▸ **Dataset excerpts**
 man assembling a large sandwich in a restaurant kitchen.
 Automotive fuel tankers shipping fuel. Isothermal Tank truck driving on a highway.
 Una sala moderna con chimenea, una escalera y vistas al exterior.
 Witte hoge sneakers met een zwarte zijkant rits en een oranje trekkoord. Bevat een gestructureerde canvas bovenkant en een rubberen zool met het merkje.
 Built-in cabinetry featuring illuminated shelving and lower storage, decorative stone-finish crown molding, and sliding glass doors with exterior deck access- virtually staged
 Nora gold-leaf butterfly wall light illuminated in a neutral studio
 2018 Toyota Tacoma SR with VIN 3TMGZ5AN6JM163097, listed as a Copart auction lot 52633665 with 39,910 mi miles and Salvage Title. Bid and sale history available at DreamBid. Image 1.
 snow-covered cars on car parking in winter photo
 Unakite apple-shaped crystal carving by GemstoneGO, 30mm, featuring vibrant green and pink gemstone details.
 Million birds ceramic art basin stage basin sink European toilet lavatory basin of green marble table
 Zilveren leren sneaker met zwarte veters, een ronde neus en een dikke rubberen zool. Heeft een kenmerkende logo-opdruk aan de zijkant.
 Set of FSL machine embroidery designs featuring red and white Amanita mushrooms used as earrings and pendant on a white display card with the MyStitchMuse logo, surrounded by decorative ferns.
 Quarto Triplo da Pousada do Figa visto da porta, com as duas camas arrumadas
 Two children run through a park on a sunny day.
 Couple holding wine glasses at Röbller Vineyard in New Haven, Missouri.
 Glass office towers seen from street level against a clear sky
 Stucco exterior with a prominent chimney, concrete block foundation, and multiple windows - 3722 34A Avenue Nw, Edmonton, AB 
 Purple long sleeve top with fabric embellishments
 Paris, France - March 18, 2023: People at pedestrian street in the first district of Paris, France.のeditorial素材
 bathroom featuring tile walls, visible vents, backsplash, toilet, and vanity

▸ **Your objective**
Would you copy each line of the records that contains "street"?

▸ **Solution to this problem**
 Glass office towers seen from street level against a clear sky
 Paris, France - March 18, 2023: People at pedestrian street in the first district of Paris, France.のeditorial素材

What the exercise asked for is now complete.